By Nick Stout
Album: “…And Star Power”
Release Date: Oct. 14, 2014
California indie psych-pop duo Foxygen are back after last year’s critically acclaimed “We are the 21st Century Ambassadors of Peace and Magic” with a new 82-minute double album entitled “…And Star Power.”
The majority of the material was recorded at Dream Star Studios in Los Angeles, which in actuality is band member Jonathon Rado’s garage. While the majority of the instrumentation and vocals are performed by multi-instrumentalist creative partners Sam France and Jonathon Rado, this album features a slew of guest stars including The Flaming Lips, White Fence, Bleached, Of Montreal and Carson Mell as members of an all-inclusive alter-ego punk band called Star Power.
Where last years full-length debut album from Foxygen was a modern take on classic bands of the ’60s like The Rolling Stones, The Velvet Underground and The Kinks, “…And Star Power” finds the band with a more relaxed ’70s AM radio vibe, while still holding qualities of those ’60s bands.
The more commercially appealing “hits” they get out of the way at the beginning of the album, like “How Can You Really” and “Coulda Been My Love,” sound like they could have been plucked from the airwaves of an oldies station.
“Coulda Been My Love” includes a slide guitar in the chorus reminiscent of George Harrison. “Cosmic Vibrations” features a vibrato induced electric organ and Sam France attempting his best Jim Morrison impression.
“You and I” finds the band playing with the Stones’ softer “Between the Buttons” era sound. With the four-part roman numeraled Star Power suite they have fun with guest stars in their all-inclusive punk band alter ego. However, the only section of this suite that sounds like a classic punk song at all is “Star Power II: Star Power Nite.” On “I Don’t have Anything/The Gate,” Foxygen seek refuge in the melancholic folk-tinged power pop experimentation of Big Star’s Third.
One album “…And Star Power” could draw comparisons to stylistically would be Todd Rundgren’s “Something/Anything?”. It has the same tendencies towards ’70s soft rock built around sunny piano and keyboard melodies and both let themselves indulge in more challenging experiments, as well as heavier rock, in later parts of the album.
They also have similar levels of scope. The concluding section of the Star Power suite, “Star Power IV: ooh ooh,” sounds like it could have easily been inspired by Rundgren’s “It Wouldn’t Have Made Any Difference” from “Something/Anything?” Both are also double albums mostly performed instrumentally by the creative forces themselves. On the other hand, “…And Star Power” features some songs outside Rundgren’s sound and vice versa.

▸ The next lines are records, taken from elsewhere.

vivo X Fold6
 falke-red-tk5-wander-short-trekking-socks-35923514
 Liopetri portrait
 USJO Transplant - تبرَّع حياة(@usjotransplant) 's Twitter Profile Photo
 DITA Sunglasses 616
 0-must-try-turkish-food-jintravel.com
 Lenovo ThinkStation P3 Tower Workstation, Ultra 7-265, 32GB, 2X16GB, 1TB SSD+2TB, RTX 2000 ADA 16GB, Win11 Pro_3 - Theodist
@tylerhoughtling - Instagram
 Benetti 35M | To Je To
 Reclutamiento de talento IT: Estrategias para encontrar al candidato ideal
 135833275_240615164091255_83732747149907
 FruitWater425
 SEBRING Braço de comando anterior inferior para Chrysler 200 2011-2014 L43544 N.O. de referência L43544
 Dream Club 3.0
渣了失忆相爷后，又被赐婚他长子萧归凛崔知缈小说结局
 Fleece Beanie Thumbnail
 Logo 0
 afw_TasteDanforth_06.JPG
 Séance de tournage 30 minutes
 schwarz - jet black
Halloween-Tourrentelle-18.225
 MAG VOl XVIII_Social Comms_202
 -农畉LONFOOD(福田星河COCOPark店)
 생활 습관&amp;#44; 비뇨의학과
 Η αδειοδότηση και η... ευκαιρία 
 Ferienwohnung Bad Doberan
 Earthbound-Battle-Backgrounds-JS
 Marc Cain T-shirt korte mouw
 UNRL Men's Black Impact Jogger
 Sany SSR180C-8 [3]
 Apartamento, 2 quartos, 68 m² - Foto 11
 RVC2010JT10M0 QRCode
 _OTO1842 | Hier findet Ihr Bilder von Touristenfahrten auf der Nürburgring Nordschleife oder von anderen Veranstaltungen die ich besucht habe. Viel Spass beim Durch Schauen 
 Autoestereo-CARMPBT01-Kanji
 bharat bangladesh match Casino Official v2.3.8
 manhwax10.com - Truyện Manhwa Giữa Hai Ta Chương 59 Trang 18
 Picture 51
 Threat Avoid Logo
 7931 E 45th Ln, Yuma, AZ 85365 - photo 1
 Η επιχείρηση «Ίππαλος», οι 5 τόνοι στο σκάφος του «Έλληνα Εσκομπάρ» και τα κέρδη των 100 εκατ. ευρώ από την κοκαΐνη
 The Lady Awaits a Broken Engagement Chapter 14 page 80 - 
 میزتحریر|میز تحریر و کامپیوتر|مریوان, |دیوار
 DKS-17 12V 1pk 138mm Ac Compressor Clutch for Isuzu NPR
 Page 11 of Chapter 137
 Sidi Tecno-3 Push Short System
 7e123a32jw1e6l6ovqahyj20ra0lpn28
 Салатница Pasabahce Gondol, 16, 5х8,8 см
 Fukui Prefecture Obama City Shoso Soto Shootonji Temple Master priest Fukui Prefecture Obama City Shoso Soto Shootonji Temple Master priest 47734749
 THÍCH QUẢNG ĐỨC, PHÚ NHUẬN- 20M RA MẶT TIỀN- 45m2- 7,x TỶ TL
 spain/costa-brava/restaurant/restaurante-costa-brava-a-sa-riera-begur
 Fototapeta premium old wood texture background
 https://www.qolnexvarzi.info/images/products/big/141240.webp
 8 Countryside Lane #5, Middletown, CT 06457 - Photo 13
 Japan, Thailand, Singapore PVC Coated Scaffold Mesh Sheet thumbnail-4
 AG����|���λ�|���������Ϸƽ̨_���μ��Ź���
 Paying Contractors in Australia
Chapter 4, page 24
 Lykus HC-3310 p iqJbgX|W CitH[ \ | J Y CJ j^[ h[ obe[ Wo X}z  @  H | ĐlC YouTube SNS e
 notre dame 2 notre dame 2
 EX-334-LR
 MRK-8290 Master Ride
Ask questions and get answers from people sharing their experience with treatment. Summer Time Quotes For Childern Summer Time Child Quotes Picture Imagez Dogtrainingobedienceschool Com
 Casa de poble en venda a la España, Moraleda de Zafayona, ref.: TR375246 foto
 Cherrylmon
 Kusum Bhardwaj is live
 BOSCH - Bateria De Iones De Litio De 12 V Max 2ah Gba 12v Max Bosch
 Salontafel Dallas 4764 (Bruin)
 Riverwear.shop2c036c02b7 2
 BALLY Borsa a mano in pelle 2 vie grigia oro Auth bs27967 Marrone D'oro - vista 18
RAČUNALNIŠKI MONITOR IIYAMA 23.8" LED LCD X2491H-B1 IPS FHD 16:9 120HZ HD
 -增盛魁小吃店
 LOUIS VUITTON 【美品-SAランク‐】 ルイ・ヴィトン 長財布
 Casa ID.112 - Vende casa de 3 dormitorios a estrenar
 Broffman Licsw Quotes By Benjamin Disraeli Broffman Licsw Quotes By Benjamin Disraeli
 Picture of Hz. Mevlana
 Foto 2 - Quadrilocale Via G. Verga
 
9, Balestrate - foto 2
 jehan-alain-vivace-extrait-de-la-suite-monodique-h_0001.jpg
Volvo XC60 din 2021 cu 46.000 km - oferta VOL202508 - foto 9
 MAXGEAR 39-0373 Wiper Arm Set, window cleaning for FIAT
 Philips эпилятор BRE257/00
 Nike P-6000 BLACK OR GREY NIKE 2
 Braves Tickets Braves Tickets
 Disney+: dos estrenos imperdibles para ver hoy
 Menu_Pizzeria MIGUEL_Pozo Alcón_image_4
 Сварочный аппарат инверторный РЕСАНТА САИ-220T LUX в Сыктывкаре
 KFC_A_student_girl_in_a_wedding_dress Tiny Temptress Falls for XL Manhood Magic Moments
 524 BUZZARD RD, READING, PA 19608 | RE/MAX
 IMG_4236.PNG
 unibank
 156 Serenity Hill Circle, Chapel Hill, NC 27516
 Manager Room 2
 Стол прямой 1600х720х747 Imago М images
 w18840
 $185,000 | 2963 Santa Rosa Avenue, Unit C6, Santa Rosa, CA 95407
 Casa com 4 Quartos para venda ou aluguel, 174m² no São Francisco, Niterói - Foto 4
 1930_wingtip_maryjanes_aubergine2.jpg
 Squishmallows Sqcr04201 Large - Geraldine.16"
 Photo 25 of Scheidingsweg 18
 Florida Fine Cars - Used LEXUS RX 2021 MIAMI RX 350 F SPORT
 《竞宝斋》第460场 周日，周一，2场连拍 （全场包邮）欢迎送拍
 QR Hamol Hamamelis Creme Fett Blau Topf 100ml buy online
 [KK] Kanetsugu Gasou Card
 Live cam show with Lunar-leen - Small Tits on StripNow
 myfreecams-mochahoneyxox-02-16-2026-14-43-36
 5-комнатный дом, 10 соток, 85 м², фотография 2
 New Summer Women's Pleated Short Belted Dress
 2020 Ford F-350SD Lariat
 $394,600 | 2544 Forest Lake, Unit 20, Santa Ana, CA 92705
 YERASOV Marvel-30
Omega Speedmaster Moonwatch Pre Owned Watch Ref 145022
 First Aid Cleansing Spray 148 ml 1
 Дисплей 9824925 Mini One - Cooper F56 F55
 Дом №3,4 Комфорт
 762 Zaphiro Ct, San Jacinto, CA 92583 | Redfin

On “Flowers,” the band toys with ’60s sunshine psych-pop harnessed by bands like The Millenium. “Wallys Farm” is experimentation in goofy, flangey, twangy sounds with a Pink Floydesque phaser placed over disjointed keyboard noodling.
“Cannibal Holocaust” slips into a melancholy country ballad then trails off into Rundgren style up-tempo piano rock before revisiting the piano line of “How Can You Really” as a little reminder of the cleaner upbeat sounds of the beginning of the record. It’s a clever way to reward the listener for staying with the journey.
The second half of this double album features numbers that have a heavier ’60s sound. Opening track “Cold Winter/Freedom” is a dark psychedelic soundscape with eerie keyboards, cymbal crashes, dark pulsations, futuristic laser noises and a Velvet Underground style one-note-piano rock ‘n’ roll frenzy with spurts of feedback. The track culminates in Sam France saying “A million dead dogs in space in spaceships floating around listening to Led Zeppelin, feeling f#*&*ng triumphant and god will not forget a single one of them” with spaceship noises bleeping and blooping around his warbling voice before ending in one final low keyboard pulse.
“Can’t Conceptualize My Mind” showcases a Stones-inspired, laid-back swagger, while also letting itself unravel in a disjointed way, similar to The Brian Jonestown Massacre.
“Brooklyn Police Station” continues on similar territory with a bedroom garage-rock romper. These songs provide something for those who prefer the more upbeat numbers from the band’s previous record.
The mood slips back into melancholy briefly for “The Game” before turning aggressive again with a whirlwind of echoes and screams over a driving rock number called “Talk.”
The album ends on two last breaths of hope in the Wings and Badfinger-inspired “Everyone Needs Love” and the velvety ’60s psych-rock stumbling of “Hang.”
Many bands that find themselves in a position of success like this band’s would play it safe and merely try to extend on the ideas that made the last record a hit. “…And Star Power” feels more like Foxygen is trying to make a record to keep themselves interested.
They shove a lot of ideas into this album, instead of boring the listener with an idea that is stretched out for way too long. After all, greater risk means greater rewards and, in this case, greater interest. Many great artists evolve and will take a leap in order to set themselves apart from the pack. Foxygen is no exception.